Publié le jeu 18/03/2021 - 07:38

Pour traverser l'Isère en douceur et avec vue sur la Chartreuse en direction d'un rendez-vous médical, quoi de mieux qu'un petit vélo-taxi pour cette retraitée ? Crédit photo : B. Poussard

Par Bruno Poussard

Déménageurs, restaurateurs, taxis, livreurs, réparateurs, coursiers... En vélo-cargo, avec une remorque ou juste des mollets bien entraînés, tous ces métiers peuvent se conjuguer avec le verbe pédaler. Surtout en ville. Des professionnels bien équipés le pratiquent et le défendent à Grenoble. Reportage.

Le soleil n’a pas encore franchi les montagnes. Emmitouflé, Gauthier Urbain n’a plus qu’à enfiler ses gros gants avant de sortir son vélo. Les premiers rayons éclairent enfin Grenoble mais il gèle toujours en arrivant au Marché d’intérêt national. Dans les locaux de Mangez bio Isère qui relie producteurs et restaurateurs, une palette l’attend. Gauthier la charge sur sa remorque avec un chariot élévateur et repart à sa vitesse de croisière : 25 km/h. Casque sur la tête, l’Isérois de 29 ans enchaîne pistes et bandes cyclables, prévient « je passe à gauche » quand il double, déborde sur la route quand un plot le gène. Il livre deux crèches. Un lycée. Un restaurant de quartier. Un magasin de Vrac. Pas besoin de l’application de navigation Geovelo ce matin, Gauthier maîtrise. Diplômé de Sciences Po, il se reconvertit en accompagnateur en montagne tout en travaillant à vélo. Une envie de dehors, d’activité physique, d’éthique au boulot. Un temps auto-entrepreneur pour Deliveroo, il est employé par Toutenvélo Grenoble depuis un an.

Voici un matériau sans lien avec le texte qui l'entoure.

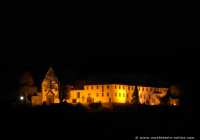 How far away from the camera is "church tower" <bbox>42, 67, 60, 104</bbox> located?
122125 mm

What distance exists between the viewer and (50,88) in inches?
4823

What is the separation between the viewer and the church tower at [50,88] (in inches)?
4808

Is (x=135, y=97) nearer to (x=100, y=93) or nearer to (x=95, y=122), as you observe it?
(x=100, y=93)

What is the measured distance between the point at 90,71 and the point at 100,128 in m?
54.1

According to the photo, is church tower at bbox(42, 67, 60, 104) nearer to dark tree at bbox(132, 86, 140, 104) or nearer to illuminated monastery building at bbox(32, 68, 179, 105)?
illuminated monastery building at bbox(32, 68, 179, 105)

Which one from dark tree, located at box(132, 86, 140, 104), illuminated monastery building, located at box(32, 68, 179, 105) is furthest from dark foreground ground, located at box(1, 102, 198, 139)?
illuminated monastery building, located at box(32, 68, 179, 105)

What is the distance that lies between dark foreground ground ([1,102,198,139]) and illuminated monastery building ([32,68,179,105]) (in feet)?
39.3

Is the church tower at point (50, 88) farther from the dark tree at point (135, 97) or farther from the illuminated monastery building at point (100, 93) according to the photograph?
the dark tree at point (135, 97)

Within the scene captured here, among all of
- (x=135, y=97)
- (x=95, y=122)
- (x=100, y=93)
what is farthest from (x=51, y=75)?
(x=95, y=122)

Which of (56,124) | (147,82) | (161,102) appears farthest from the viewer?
(147,82)

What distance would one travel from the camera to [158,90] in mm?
124250

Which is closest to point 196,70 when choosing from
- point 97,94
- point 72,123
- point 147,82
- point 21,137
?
point 147,82

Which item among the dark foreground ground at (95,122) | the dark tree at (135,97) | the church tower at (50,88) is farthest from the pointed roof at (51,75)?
the dark tree at (135,97)

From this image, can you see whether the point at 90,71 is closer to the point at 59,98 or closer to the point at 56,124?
the point at 59,98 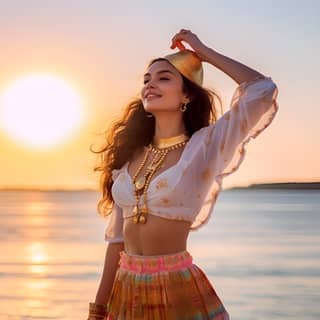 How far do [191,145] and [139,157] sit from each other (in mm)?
252

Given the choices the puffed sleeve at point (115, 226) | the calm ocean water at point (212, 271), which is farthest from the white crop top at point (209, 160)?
the calm ocean water at point (212, 271)

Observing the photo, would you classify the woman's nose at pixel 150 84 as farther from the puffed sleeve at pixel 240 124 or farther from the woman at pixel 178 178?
the puffed sleeve at pixel 240 124

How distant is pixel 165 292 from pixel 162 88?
68 centimetres

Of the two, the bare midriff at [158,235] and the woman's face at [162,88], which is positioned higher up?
the woman's face at [162,88]

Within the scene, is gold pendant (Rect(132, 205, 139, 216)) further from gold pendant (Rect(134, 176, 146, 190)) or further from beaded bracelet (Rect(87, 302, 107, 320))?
beaded bracelet (Rect(87, 302, 107, 320))

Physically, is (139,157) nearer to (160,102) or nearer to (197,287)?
(160,102)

Sur des volumes moyens en milieu urbain, la livraison à la pédale proposée depuis 2016 par la coopérative est très compétitive. « On apporte en capacité d’adaptation, on est très souple », défend Jérôme Cucarollo. Tombé sur la vidéo d’un déménageur à vélo au Canada, il a décidé de monter sa boîte avec un ami, ex-cariste, sur le modèle d’une Scop rennaise née sept ans avant : « Toutenvélo est une freechise, une franchise gratuite ». Dans la capitale des Alpes, ils font des déménagements et du transport diversifié pour professionnels ou particuliers. Pas mal d’alimentaire et des tarifs adaptés à la fréquence, taille et distance. L’aire de la ville et 300 kilos (à la fois) sont les limites de leurs vélos équipés d’une assistance électrique pour protéger leurs genoux. Sur le « dernier kilomètre » près des zones piétonnes, les perspectives de la petite Reine sont énormes à leurs yeux, à condition d’accepter une période d’adaptation avant d’y gagner. « Avec certains, il faut passer le cap psychologique du ‘’c’est du vélo, c’est pas sérieux’’, décrit Jérôme. Non, on est une entreprise de logistique urbaine très efficace en ville-centre. »

Éthique environnementale

Un point de vue partagé. Non loin de la gare, Toutenvélo et son chiffre d’affaires de 100 000 euros en croissance ont un local mutualisé. C’est le siège de la deuxième Boîte à vélo de l’Hexagone, association qui promeut et défend l’entrepreneuriat à la force des mollets. Co-présidente avec Jérôme, Gloria Leroy est vélo-taxi. Cet après-midi, elle transporte une retraitée d’une résidence autonomie chez un dermatologue, un gros kilomètre plus loin. Avant de récupérer chez un fleuriste des pots à livrer puis une écolière en sortie de classe. Pour en vivre, elle conjugue taxi, livraisons fragiles et affichage à l’arrière de son triporteur 8 vitesses au petit moteur électrique. Venue de l’associatif culturel il y a cinq ans, Gloria n’est pas la seule à s’être reconvertie. Diplômée en marketing, Justine Jarnias a préféré se « faire plaisir » en proposant (à mi-temps) des massages à domicile. Où elle se rend avec sa table sur un triporteur à caisson repris pour sa stabilité à un ancien plombier. Équipement, soutien, conseil, les Boîtes à vélo misent sur l’entraide. Tous ont une sensibilité écologique, voire un « engagement climatique »selon Jean-Eric Mesmain. Ingénieur-mécanicien dans la micro-électronique puis l’énergie, il a passé un diplôme de technicien cycles pour fonder Bicyclopresto en 2016 et réparer à domicile, en entreprise, collectivité... Équipé d’un solide vélo cargo, il fait durer plus longtemps vélos, trottinettes ou fauteuils roulants. Pour lutter contre la pollution. « Quand tu t’intéresses aux déplacements, l’énergie déployée, le poids des véhicules et leurs émissions, le vélo est évident, énonce-t-il. J’en fais depuis 15 ans parce que ça m’évite de démarrer un moteur de 100 chevaux juste pour me transporter moi. »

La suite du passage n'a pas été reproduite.